‘Unclear’ evidence for phone rebate cut

3 minute read


Meanwhile, GPs are subsidising the cost of longer telephone consults for disadvantaged patients.


THE removal of Medicare funding of long phone consultations is a “cost-cutting exercise and just another way of screwing GPs”, says one, as researchers call for a review of rebates for telehealth.

Seven months after the expiration of Medicare rebates for telephone consultations over 20 minutes, Victorian researchers say the move is potentially disadvantaging lower socioeconomic groups as well as the elderly, and vulnerable, complex patients.

Medicare rebates for long phone consultations ceased on 1 July 2022, forcing patients who need more time to either switch to video consults, travel to see their GPs face-to-face, or self-fund longer phone appointments.

With only 3% of the 99 million standard GP telehealth consultations (as of October 2022) being delivered by video, the time has come for a government rethink, according to Dr Feby Savira, a Postdoctoral Research Fellow at Deakin University, and her colleagues.

Writing in the Medical Journal of Australia, Dr Savira et al. said the evidence for shifting to video consultations rather than telephone was “unclear” and “indirectly suggests that patients who require long telehealth consultations can only achieve better outcomes through video consultations”.

In fact, patients have found phone and video consultations similarly satisfying, while cardiologists at St Vincent’s in Melbourne found no difference in outcomes between video and phone consults.

Lack of strong Australian evidence in the context of primary care is a big problem, say Dr Savira and co-authors.
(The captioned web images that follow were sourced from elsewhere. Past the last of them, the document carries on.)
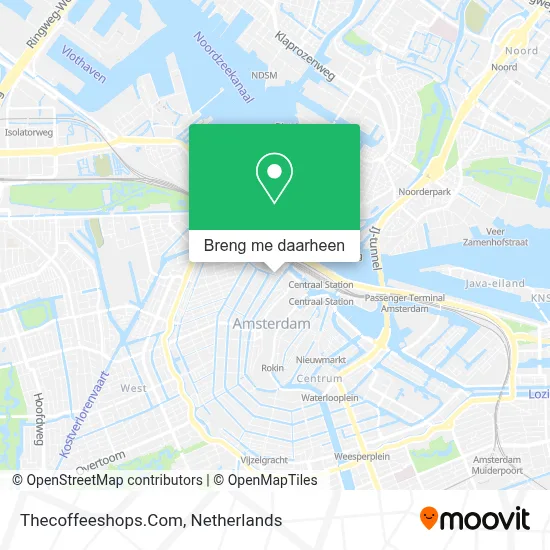 Thecoffeeshops.Com kaart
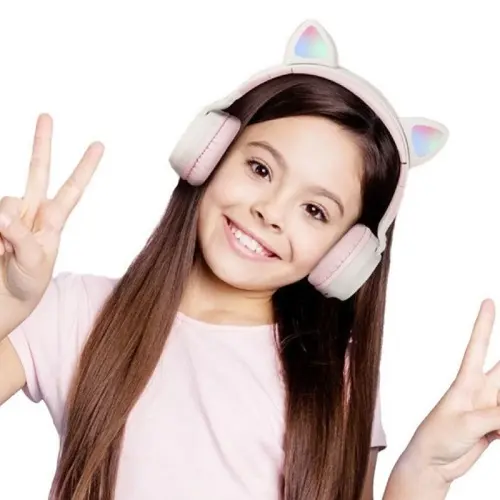 Bluetooth навушники з підсвічуванням та картою пам'яті B39M - Зображення 5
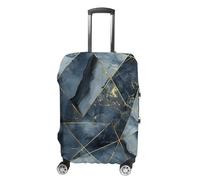 RLDOBOFE Abstract Art Geometry Travel Luggage Cover Anti Scratch Suitcase Protector Washable Elastic Baggage Cover, white, M, Stylish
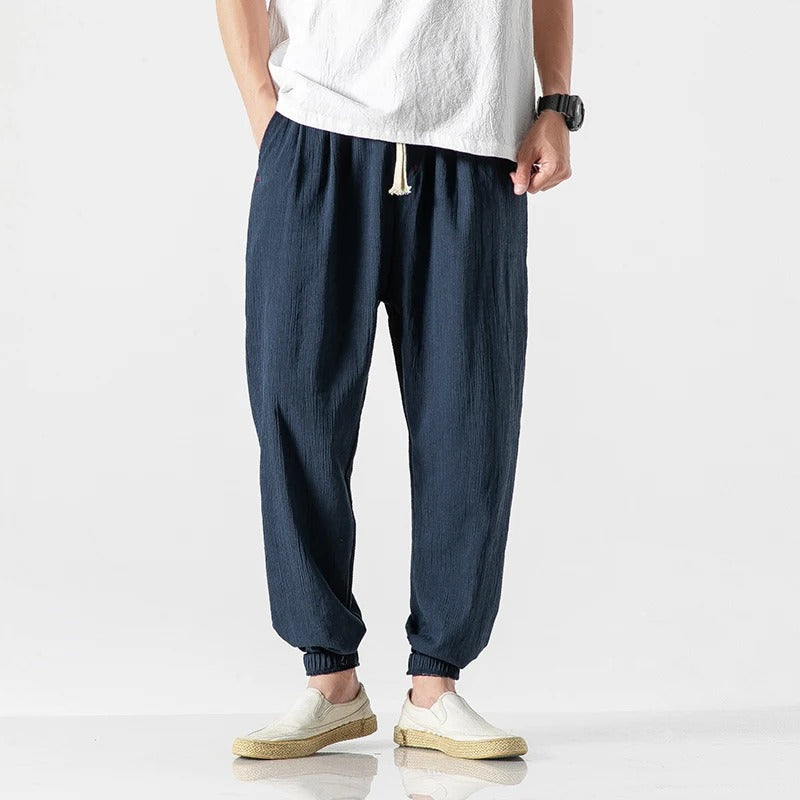 Jasper Baggy Cotton-Blend Joggers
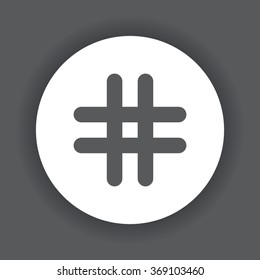 Hashtags icon, vector illustration. Modern design. Flat design style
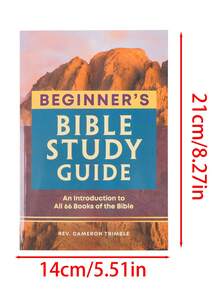 1pc The Beginner's Bible Study Guide: An Introduction To All 66 Books Of The Bible - A - View 6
Their own research, which analysed data from 140 regional primary care practices in Western Victoria, found that “long telephone consultations are still being used in the region, and there is as yet insufficient evidence that long video consultations are an appropriate alternative”.

Dr Brad McKay, a Sydney-based GP and science communicator, and TMR editorial board member, told TMR that there was no reason for the removal of rebates for long phone consults “other than as a cost-cutting exercise and another way of screwing GPs”.

“We end up trying to fix 1000 problems in 15 minutes on the phone or we end up going overtime and not being paid for it,” he said.

“We should be billing the patients for longer consults and they’ll get back whatever the rebate is, but that disadvantages those patients who cannot afford it. So we end up giving the same quality care and paying for it out of our own pockets.”

The MJA authors highlighted that compelling video consultations for longer appointments was disadvantaging several groups.

“While long telephone consultations remain available for remote and very remote towns (Modified Monash Model classification, MM6-7), many medium and small rural towns (MM4-5 classified areas) are limited in internet and mobile telephone service infrastructure that would enable video calling capability,” they wrote.

“Many rural and remote areas also have higher proportions of older people who may have reduced digital literacy and increased barriers to accessing face-to-face care.

“During the pandemic, many older people chose to cancel face-to-face appointments because of complex medical vulnerabilities for which they still required care.

“The increased cost of travel for face-to-face appointments creates a situation of reduced health care equity for those who are both socio-economically and geographically disadvantaged.”

Reinforcing Dr McKay’s statement that removal of the rebates was “a cost-cutting exercise”, the authors continued: “We need to recognise that there was evidence of substantial use of this MBS item and there is little evidence to support a change. Long telephone consultations have been critical in supporting Australians to receive health care they need.”